> What to do:
Every line from the start of the records below to the line containing "Music is my" should be retyped exactly, that line included, and no others.

%%

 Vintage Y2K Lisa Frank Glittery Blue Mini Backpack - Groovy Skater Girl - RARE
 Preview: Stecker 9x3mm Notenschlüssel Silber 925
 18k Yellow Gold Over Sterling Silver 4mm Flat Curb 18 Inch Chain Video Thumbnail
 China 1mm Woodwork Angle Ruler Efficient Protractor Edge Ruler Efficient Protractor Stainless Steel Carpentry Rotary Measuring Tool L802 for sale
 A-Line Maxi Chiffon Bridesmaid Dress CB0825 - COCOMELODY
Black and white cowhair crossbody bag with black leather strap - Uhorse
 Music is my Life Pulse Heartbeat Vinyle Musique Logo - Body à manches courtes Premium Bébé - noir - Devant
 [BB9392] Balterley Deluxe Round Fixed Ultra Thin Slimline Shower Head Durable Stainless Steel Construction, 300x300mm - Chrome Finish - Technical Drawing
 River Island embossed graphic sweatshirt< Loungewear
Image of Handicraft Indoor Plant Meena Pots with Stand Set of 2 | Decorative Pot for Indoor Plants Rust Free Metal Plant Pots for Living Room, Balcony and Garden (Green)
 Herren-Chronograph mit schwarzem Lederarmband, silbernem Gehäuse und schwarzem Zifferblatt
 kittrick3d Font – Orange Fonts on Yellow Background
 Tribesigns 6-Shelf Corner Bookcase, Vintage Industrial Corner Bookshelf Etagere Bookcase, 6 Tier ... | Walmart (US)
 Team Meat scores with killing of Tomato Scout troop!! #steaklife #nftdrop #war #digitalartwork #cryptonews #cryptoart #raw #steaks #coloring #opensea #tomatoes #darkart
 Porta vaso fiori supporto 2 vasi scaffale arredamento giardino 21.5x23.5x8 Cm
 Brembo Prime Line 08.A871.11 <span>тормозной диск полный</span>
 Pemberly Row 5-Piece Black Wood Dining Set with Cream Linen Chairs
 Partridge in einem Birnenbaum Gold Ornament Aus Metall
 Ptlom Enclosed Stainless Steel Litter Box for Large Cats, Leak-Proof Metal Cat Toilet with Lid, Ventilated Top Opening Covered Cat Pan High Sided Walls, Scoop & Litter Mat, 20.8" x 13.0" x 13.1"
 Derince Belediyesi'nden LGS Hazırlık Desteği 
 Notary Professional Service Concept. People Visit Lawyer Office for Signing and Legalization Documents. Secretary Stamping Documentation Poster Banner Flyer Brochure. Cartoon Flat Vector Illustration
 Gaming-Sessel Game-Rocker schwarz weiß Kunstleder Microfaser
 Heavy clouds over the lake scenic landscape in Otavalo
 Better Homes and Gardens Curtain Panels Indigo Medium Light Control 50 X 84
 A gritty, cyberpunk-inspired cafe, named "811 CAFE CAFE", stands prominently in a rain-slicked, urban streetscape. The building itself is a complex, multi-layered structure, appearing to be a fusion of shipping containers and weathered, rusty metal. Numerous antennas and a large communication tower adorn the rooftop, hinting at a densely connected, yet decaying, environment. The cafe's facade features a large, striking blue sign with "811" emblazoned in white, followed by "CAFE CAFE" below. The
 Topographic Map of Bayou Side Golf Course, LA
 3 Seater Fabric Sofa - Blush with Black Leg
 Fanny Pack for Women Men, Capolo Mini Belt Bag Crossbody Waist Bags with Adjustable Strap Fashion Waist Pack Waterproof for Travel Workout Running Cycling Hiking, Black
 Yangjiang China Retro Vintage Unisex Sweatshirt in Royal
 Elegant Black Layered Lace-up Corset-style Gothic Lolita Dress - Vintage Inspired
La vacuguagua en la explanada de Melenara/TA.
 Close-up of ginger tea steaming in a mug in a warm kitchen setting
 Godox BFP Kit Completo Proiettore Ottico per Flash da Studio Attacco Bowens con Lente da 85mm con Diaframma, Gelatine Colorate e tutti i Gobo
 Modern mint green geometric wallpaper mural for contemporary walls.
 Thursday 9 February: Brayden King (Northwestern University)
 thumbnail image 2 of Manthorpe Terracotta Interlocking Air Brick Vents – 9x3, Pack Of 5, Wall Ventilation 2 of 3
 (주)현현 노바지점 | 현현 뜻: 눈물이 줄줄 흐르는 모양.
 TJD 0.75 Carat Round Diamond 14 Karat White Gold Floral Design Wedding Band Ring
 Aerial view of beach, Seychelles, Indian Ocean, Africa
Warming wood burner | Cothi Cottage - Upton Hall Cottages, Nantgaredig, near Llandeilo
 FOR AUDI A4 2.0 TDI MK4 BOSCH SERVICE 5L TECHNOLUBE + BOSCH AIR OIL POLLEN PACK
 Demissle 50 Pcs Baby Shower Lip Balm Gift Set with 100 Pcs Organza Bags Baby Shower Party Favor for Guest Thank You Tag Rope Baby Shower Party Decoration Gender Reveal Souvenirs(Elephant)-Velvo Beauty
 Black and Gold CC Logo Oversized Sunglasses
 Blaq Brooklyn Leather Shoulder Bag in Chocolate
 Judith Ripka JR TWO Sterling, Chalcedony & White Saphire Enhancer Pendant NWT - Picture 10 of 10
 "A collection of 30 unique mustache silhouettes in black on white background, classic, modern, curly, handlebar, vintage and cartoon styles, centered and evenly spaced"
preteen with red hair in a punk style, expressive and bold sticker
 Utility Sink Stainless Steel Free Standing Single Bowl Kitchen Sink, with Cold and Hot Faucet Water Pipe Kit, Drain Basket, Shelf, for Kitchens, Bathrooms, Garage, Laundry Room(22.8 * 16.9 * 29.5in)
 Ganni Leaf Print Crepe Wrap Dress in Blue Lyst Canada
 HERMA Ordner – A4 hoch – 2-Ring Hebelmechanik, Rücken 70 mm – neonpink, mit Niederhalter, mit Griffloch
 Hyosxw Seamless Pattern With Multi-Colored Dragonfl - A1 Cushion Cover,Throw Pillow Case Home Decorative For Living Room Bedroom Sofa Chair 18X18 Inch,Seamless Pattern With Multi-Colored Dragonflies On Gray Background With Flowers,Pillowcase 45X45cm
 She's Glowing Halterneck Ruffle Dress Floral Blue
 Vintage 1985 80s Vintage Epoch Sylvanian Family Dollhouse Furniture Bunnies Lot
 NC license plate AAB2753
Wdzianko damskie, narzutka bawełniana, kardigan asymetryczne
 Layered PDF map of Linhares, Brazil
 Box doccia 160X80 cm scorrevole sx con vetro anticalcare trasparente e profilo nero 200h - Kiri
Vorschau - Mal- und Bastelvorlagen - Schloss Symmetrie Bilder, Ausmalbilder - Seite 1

%%

> Response area:
 Vintage Y2K Lisa Frank Glittery Blue Mini Backpack - Groovy Skater Girl - RARE
 Preview: Stecker 9x3mm Notenschlüssel Silber 925
 18k Yellow Gold Over Sterling Silver 4mm Flat Curb 18 Inch Chain Video Thumbnail
 China 1mm Woodwork Angle Ruler Efficient Protractor Edge Ruler Efficient Protractor Stainless Steel Carpentry Rotary Measuring Tool L802 for sale
 A-Line Maxi Chiffon Bridesmaid Dress CB0825 - COCOMELODY
Black and white cowhair crossbody bag with black leather strap - Uhorse
 Music is my Life Pulse Heartbeat Vinyle Musique Logo - Body à manches courtes Premium Bébé - noir - Devant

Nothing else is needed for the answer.